Files in languages Canopy doesn’t have tree-sitter grammars for — Ruby, Java, C, C++, Swift, Kotlin, etc. — are still indexed by the full-text search layer (if --with-search was used) and appear in file-level search results. They just don’t contribute to the dependency graph or symbol table.

canopy index . is incremental by default. It reads the last-modified timestamp of each file and skips unchanged files. This makes daily-use re-indexing fast (typically seconds for a repo with <10 changed files).

canopy index . --full wipes the SQLite database and re-indexes from scratch. Use this when you’ve changed Canopy’s config, added a new language, or suspect the index has drifted from the actual files.

Canopy uses three storage layers:

The primary store. Contains:

  • files — every indexed file path, language, last-modified time
  • symbols — every extracted function/class/type with file + line
  • imports — dependency edges: source_file → target_file
  • exports — named exports per file
  • health_findings — cached results from the last canopy health run
  • heartbeat — license validation cache (added v1.3.0)

SQLite was chosen because it’s zero-dependency, handles concurrent readers, and gives Canopy’s dependency graph queries predictable performance.

Tantivy is a Rust-native full-text search library (similar to Lucene). When you run --with-search, Canopy chunks each source file into function/class/block segments and indexes them. The tokenizer is camelCase-aware: searching for payment matches processPayment, PaymentService, and payment_handler without wildcards.

Built only on request because it adds ~10–30 seconds to the initial index time and consumes more disk space (~20% of repo size in search index).

When --with-git is used, Canopy reads the git object database with the gix crate and stores commit metadata and blame records in SQLite. This powers:

  • canopy_git_history — last N commits touching a file
  • canopy_git_blame — per-line author and commit for a file range

canopy serve . starts the MCP server. It listens on stdin and writes to stdout using JSON-RPC 2.0. The MCP client (Claude Code, etc.) launches Canopy as a subprocess via the config in .mcp.json.

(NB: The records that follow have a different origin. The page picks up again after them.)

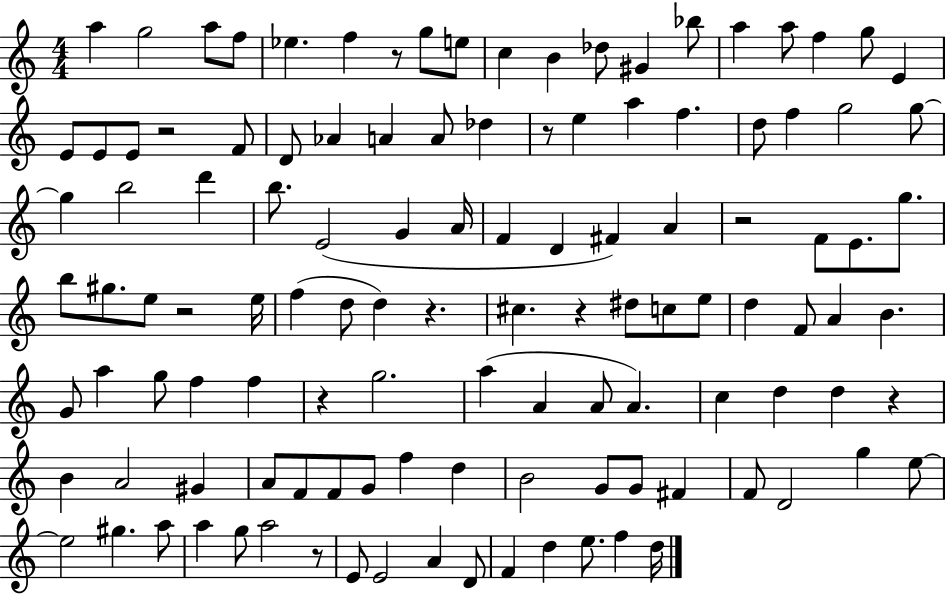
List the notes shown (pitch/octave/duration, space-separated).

A5/q G5/h A5/e F5/e Eb5/q. F5/q R/e G5/e E5/e C5/q B4/q Db5/e G#4/q Bb5/e A5/q A5/e F5/q G5/e E4/q E4/e E4/e E4/e R/h F4/e D4/e Ab4/q A4/q A4/e Db5/q R/e E5/q A5/q F5/q. D5/e F5/q G5/h G5/e G5/q B5/h D6/q B5/e. E4/h G4/q A4/s F4/q D4/q F#4/q A4/q R/h F4/e E4/e. G5/e. B5/e G#5/e. E5/e R/h E5/s F5/q D5/e D5/q R/q. C#5/q. R/q D#5/e C5/e E5/e D5/q F4/e A4/q B4/q. G4/e A5/q G5/e F5/q F5/q R/q G5/h. A5/q A4/q A4/e A4/q. C5/q D5/q D5/q R/q B4/q A4/h G#4/q A4/e F4/e F4/e G4/e F5/q D5/q B4/h G4/e G4/e F#4/q F4/e D4/h G5/q E5/e E5/h G#5/q. A5/e A5/q G5/e A5/h R/e E4/e E4/h A4/q D4/e F4/q D5/q E5/e. F5/q D5/s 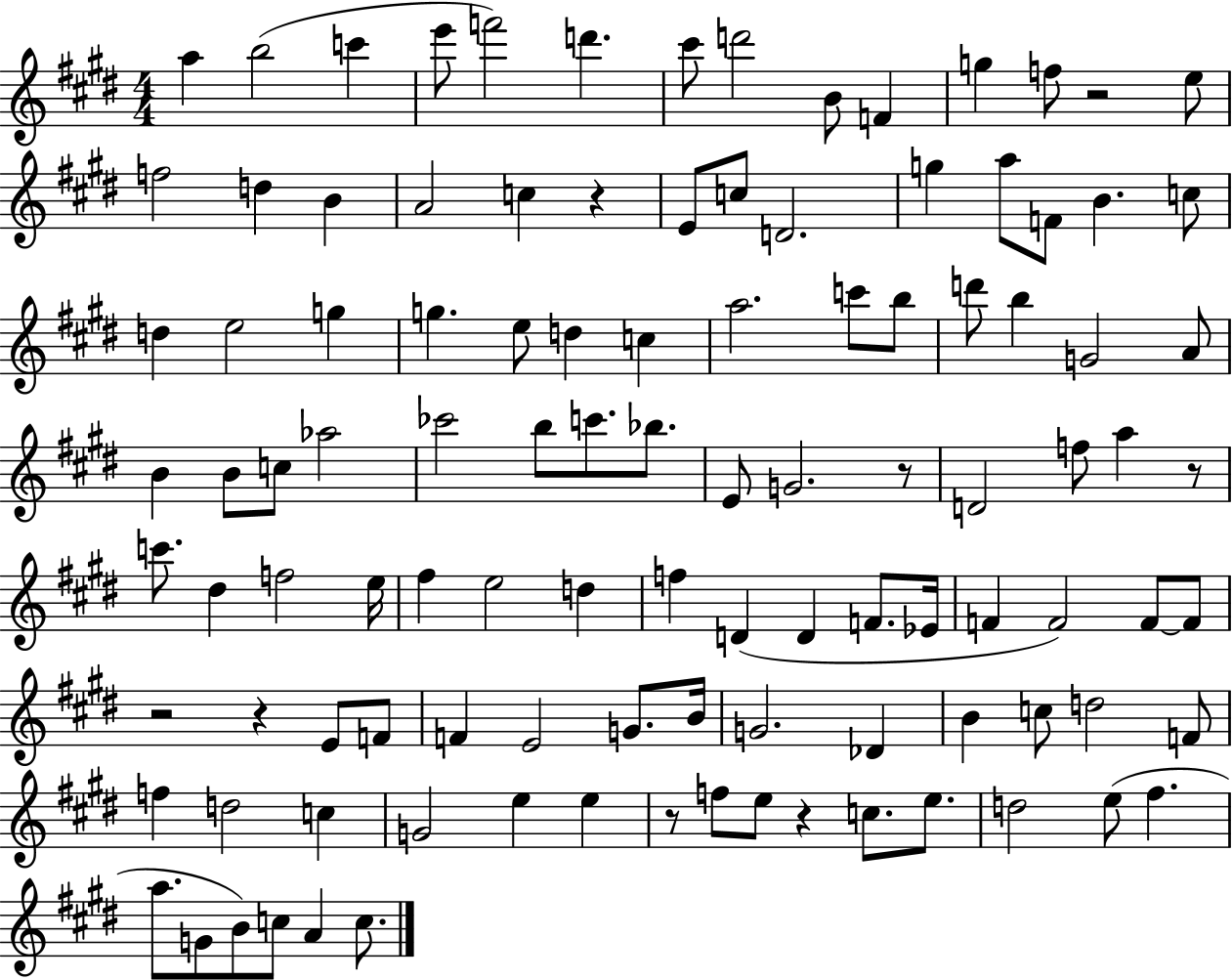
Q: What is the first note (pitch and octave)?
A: A5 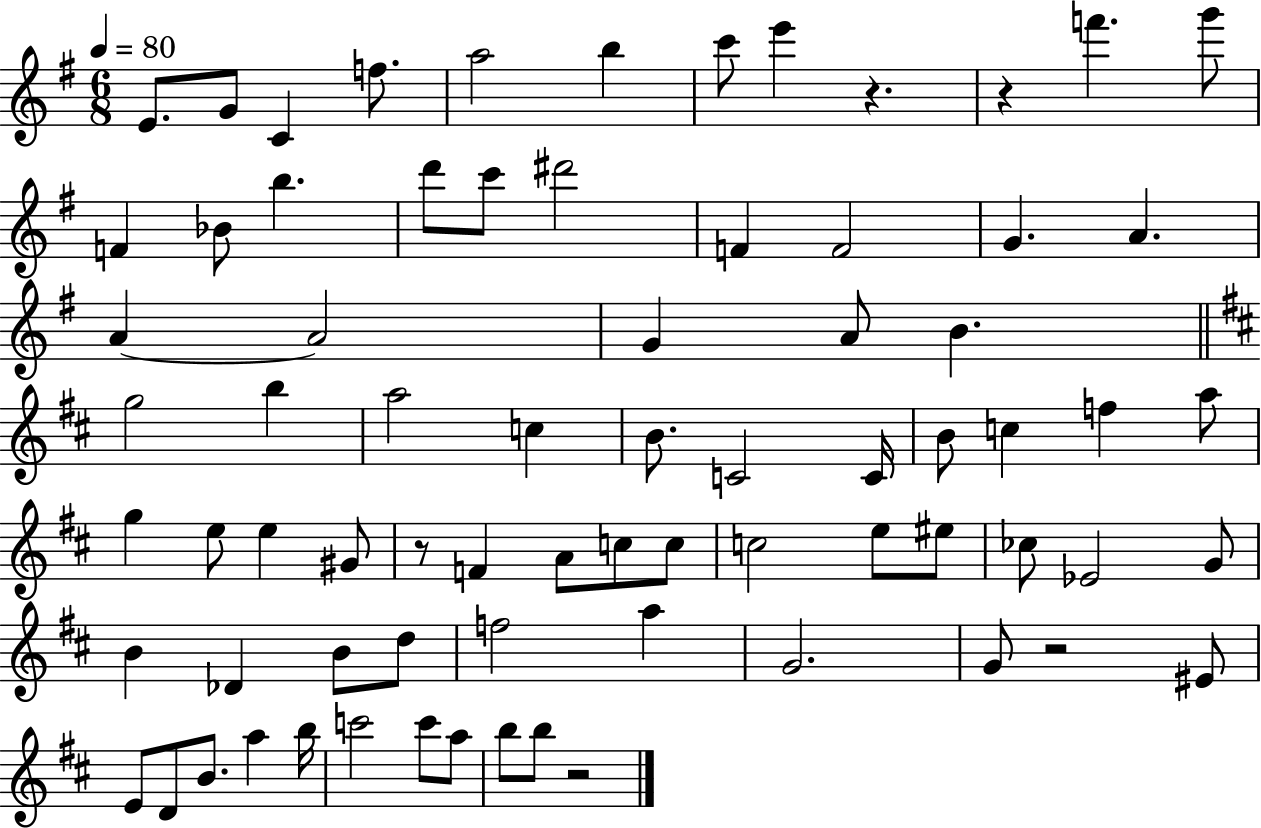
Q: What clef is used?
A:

At MCP connection time (the initialize handshake), Canopy injects a block of behavioral instructions into the agent’s system prompt. These instructions teach the agent:

  • Call canopy_prepare before modifying any file
  • Call canopy_validate after edits are complete
  • Use canopy_understand when encountering unfamiliar code
  • Use specific tools for targeted lookups vs workflow composites for typical tasks

This is why Canopy’s behavior in Claude Code is automatic without user prompting. The agent learns the correct usage pattern from Canopy’s own server instructions at the start of every session.

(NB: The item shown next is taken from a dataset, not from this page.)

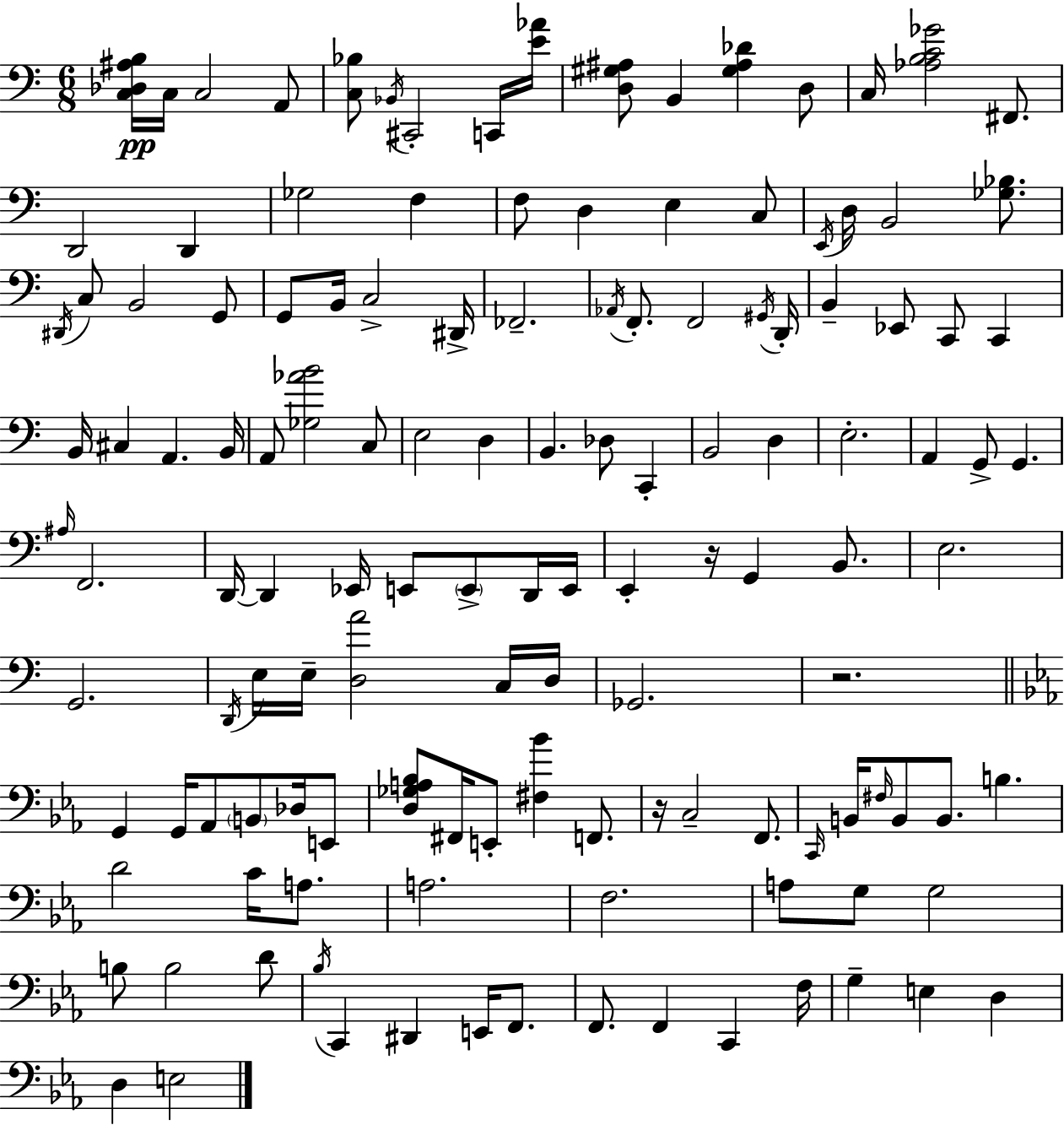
[C3,Db3,A#3,B3]/s C3/s C3/h A2/e [C3,Bb3]/e Bb2/s C#2/h C2/s [E4,Ab4]/s [D3,G#3,A#3]/e B2/q [G#3,A#3,Db4]/q D3/e C3/s [Ab3,B3,C4,Gb4]/h F#2/e. D2/h D2/q Gb3/h F3/q F3/e D3/q E3/q C3/e E2/s D3/s B2/h [Gb3,Bb3]/e. D#2/s C3/e B2/h G2/e G2/e B2/s C3/h D#2/s FES2/h. Ab2/s F2/e. F2/h G#2/s D2/s B2/q Eb2/e C2/e C2/q B2/s C#3/q A2/q. B2/s A2/e [Gb3,Ab4,B4]/h C3/e E3/h D3/q B2/q. Db3/e C2/q B2/h D3/q E3/h. A2/q G2/e G2/q. A#3/s F2/h. D2/s D2/q Eb2/s E2/e E2/e D2/s E2/s E2/q R/s G2/q B2/e. E3/h. G2/h. D2/s E3/s E3/s [D3,A4]/h C3/s D3/s Gb2/h. R/h. G2/q G2/s Ab2/e B2/e Db3/s E2/e [D3,Gb3,A3,Bb3]/e F#2/s E2/e [F#3,Bb4]/q F2/e. R/s C3/h F2/e. C2/s B2/s F#3/s B2/e B2/e. B3/q. D4/h C4/s A3/e. A3/h. F3/h. A3/e G3/e G3/h B3/e B3/h D4/e Bb3/s C2/q D#2/q E2/s F2/e. F2/e. F2/q C2/q F3/s G3/q E3/q D3/q D3/q E3/h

When the agent calls a tool, Canopy:

  1. Validates the input against the tool’s JSON Schema
  2. Runs the appropriate query against SQLite (and/or Tantivy)
  3. Returns a structured JSON result
  4. Logs the call to ~/.canopy/stats.json (local only, never transmitted)

All queries run in-process — there are no sub-processes or HTTP calls during normal tool operation.

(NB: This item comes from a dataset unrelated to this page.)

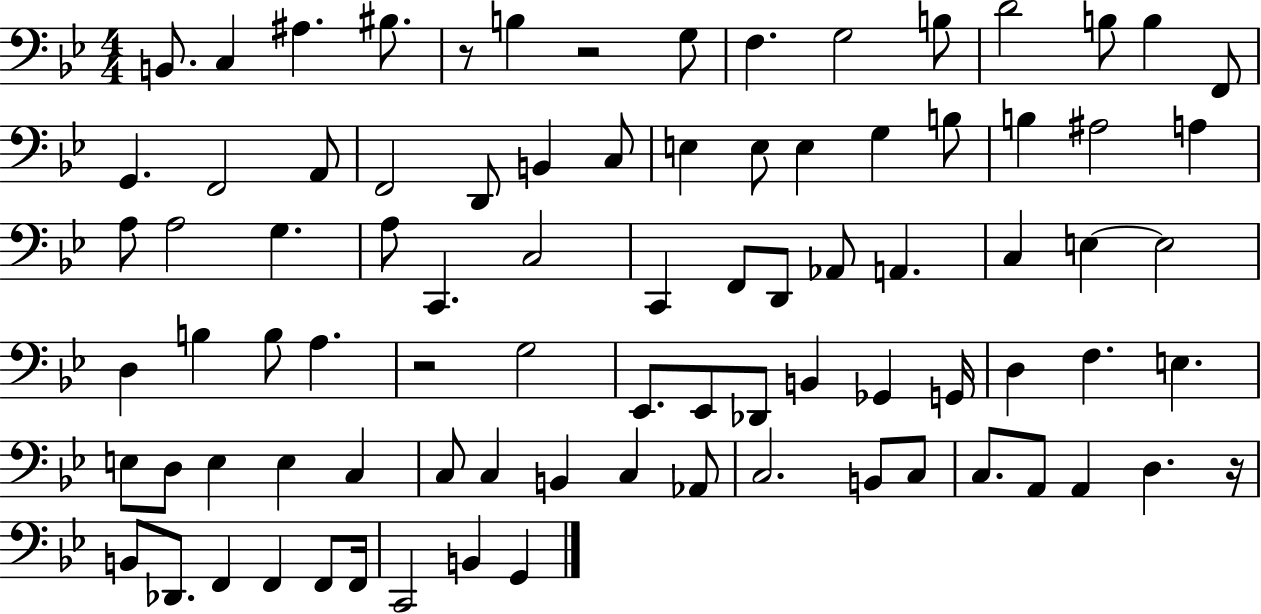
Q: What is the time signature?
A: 4/4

Every architecture decision in Canopy optimizes for local-first operation:

  • SQLite over a network database — no latency, no authentication, no network dependency for queries
  • Static binary with bundled runtime — no Node.js, no Python, no JVM to install or version-manage
  • Incremental index — re-indexing fits into a normal development loop without blocking the agent

The tradeoff is that Canopy doesn’t sync across machines by default. Each machine has its own index. Team tier adds CI cache support for sharing indexes across CI runs.